Saturday, February 24, 2024

Other Minds to Release New Feldman Album

Cover of the album being discussed (courtesy of Other Minds)

This coming Friday Other Minds Records will release its latest album entitled The Possibility of a New Work for Electric Guitar. This is the title of a composition for solo electric guitar that Morton Feldman composed for his colleague Christian Wolff. The album is currently available for pre-order through a Bandcamp Web page, both for digital download and for a twelve-inch 45 RPM vinyl disc (which will also include the digital download). As is usually the case, that Web page also provides program notes for the album.

Feldman composed this piece in 1966, and Wolff performed it here in San Francisco that same year. That performance was recorded and was archived by KPFA. Sadly, when Wolff was traveling to Yale to play the piece, both his guitar and the only copy of Feldman’s score were stolen from his car. Presumably, the music has “survived” thanks to Wolff’s memory, possibly the KPFA recording, and a reconstruction of that score. According to Amazon.com, a score was published by Edition Peters in France in 2015. However, the Web page for that score is listed as “Currently unavailable;” and it is not listed at all on the French site. On the other hand, the work is included on an electric guitar anthology album of performances by Lars Ove Stene Fossheim, for which Amazon does have an MP3 Web page.

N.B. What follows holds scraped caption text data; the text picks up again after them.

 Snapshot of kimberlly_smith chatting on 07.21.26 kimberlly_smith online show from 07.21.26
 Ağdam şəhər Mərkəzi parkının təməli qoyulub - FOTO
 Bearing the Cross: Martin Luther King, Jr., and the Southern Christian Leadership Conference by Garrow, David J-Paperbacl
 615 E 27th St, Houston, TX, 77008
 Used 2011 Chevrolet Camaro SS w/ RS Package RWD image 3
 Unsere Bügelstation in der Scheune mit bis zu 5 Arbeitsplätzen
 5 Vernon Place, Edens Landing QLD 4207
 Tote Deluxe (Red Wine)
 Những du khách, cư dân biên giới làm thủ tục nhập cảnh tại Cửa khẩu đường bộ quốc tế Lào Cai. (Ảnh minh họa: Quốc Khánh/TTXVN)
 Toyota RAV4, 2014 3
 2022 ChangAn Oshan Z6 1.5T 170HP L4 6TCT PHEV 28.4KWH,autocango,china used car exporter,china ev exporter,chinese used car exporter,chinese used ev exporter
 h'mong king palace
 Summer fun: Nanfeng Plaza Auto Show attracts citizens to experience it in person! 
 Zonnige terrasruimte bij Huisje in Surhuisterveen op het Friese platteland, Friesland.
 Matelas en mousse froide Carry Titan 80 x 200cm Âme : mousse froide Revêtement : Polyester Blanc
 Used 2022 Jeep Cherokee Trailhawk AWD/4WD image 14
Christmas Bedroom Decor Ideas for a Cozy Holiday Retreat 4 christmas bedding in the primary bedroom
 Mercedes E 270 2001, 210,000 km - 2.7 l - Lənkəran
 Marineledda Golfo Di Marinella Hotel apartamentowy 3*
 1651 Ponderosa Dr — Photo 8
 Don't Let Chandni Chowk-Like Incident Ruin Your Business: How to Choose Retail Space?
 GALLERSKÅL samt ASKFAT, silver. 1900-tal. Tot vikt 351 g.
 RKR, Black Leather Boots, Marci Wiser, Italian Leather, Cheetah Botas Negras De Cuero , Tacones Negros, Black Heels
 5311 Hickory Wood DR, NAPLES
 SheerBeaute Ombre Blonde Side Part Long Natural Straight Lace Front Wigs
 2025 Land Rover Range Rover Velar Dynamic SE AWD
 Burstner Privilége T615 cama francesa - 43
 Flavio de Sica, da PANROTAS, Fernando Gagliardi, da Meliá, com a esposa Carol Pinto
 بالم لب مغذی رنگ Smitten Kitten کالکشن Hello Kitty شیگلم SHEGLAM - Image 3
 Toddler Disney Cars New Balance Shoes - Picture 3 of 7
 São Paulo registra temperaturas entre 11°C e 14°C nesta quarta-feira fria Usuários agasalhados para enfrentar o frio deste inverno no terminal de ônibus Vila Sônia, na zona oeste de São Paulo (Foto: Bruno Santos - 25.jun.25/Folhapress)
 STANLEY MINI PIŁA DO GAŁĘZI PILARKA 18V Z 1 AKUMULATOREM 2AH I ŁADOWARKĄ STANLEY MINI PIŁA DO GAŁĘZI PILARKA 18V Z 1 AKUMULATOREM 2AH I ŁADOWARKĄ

The Other Minds album has three tracks. The first of these is the 1966 recording. This is followed by a second recording of the same piece, recorded by Wendy Eisenberg in 2022. The final track is another Eisenberg recording, this one of Wolff’s “Another Possibility.” It was composed in 2004 as an homage to the Feldman composition based on a scrap of notation from Feldman’’s composition, which was found in the Feldman archives at the Sacher Foundation in Basel.

My interest in Feldman dates all the way back to my graduate student days, when I first came to know him through my acquaintance with John Cage. I also recall first meeting Wolff when he was still at Harvard University, prior to his move to Dartmouth. Sadly, I do not encounter performances of Feldman’s music very often, although I was more than a little surprised to see “The Viola in My Life” on the program of a LIEDER ALIVE! program in February of 2022. As a result, I am most delighted that this new release provides me with another opportunity to introduce Feldman (once again) to my readers!